Segment Start: Task input

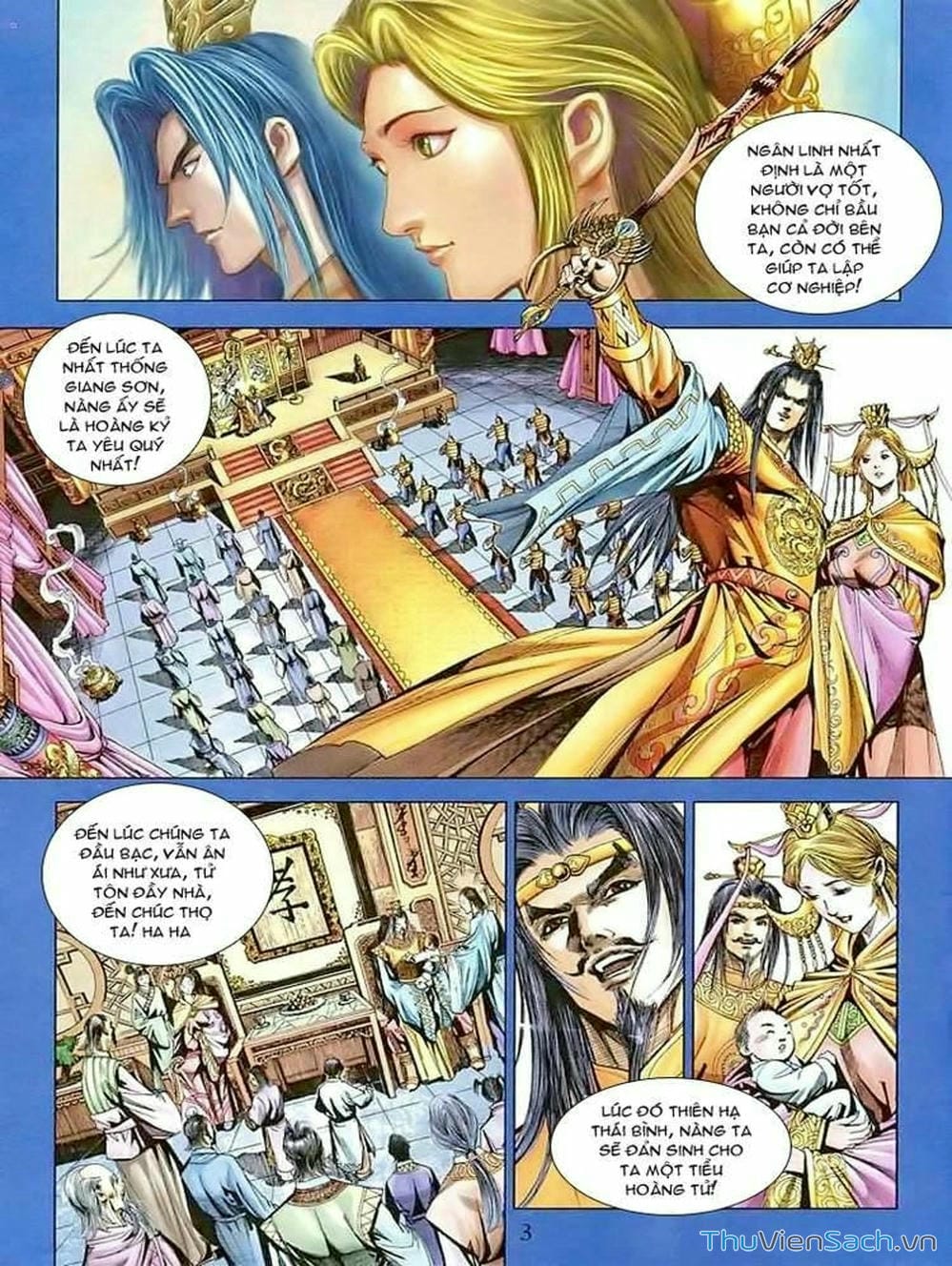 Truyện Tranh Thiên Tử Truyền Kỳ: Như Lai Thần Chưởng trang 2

Segment End: Task input
Segment Start: Task input

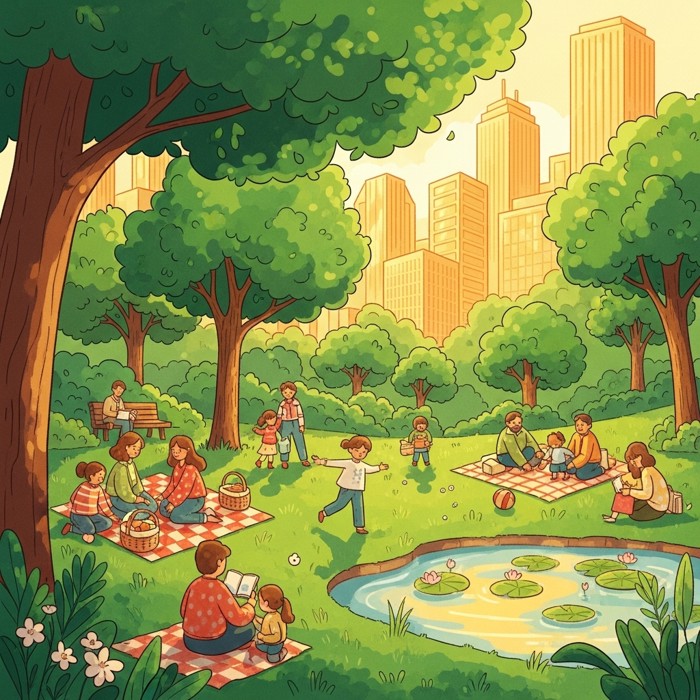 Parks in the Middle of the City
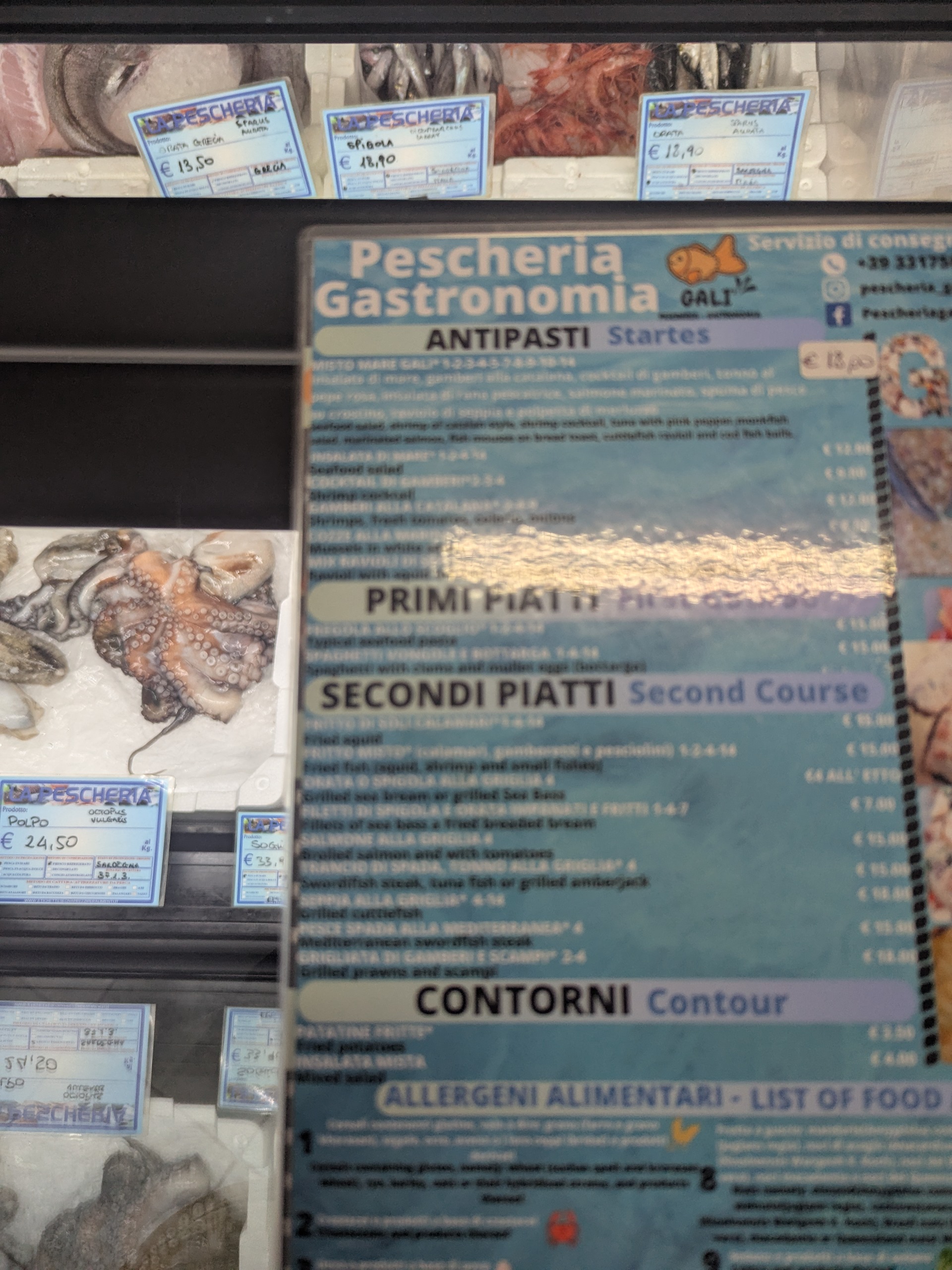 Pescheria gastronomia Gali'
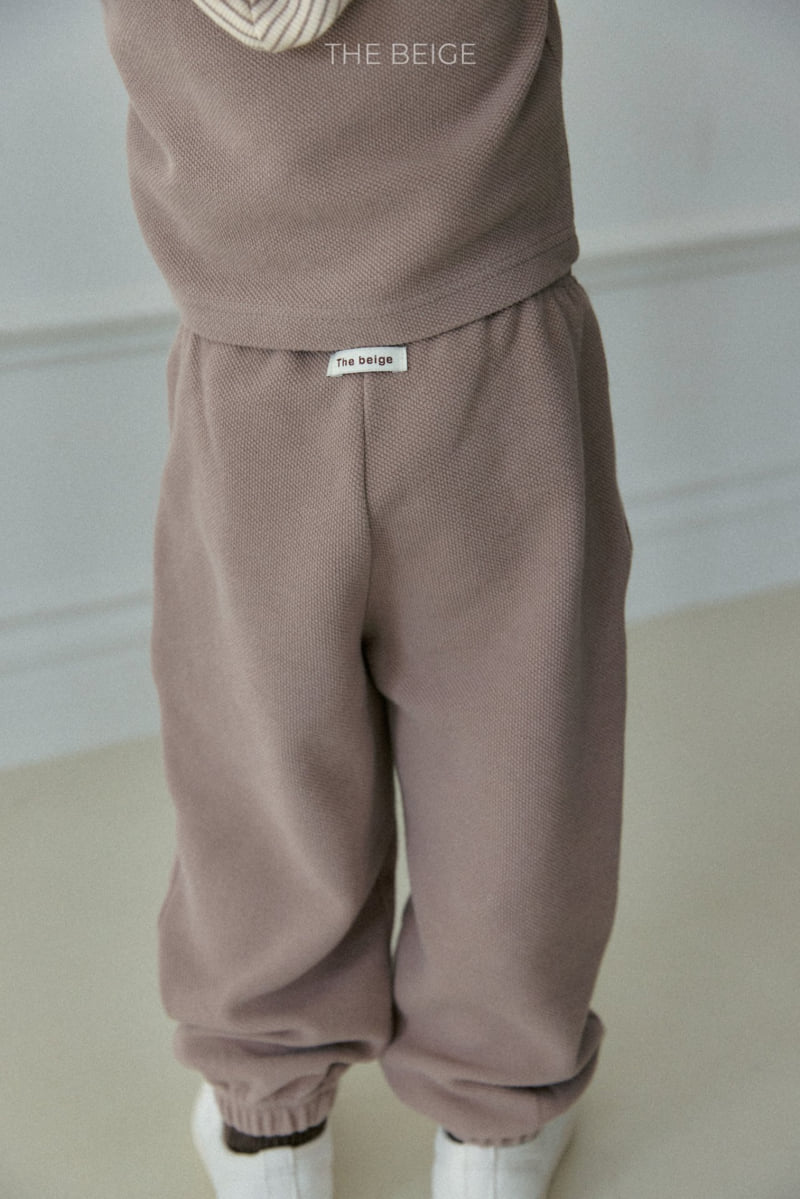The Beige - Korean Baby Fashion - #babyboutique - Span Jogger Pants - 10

Segment End: Task input
Segment Start: Task input

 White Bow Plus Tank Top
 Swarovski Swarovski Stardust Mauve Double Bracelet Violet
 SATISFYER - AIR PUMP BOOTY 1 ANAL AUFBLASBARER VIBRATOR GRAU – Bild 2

Segment End: Task input

Using the entries above, repeat only the lines from the one containing "White Bow Plus Tank Top" through the one containing "SATISFYER - AIR", end lines included.

→ Answer to the problem
 White Bow Plus Tank Top
 Swarovski Swarovski Stardust Mauve Double Bracelet Violet
 SATISFYER - AIR PUMP BOOTY 1 ANAL AUFBLASBARER VIBRATOR GRAU – Bild 2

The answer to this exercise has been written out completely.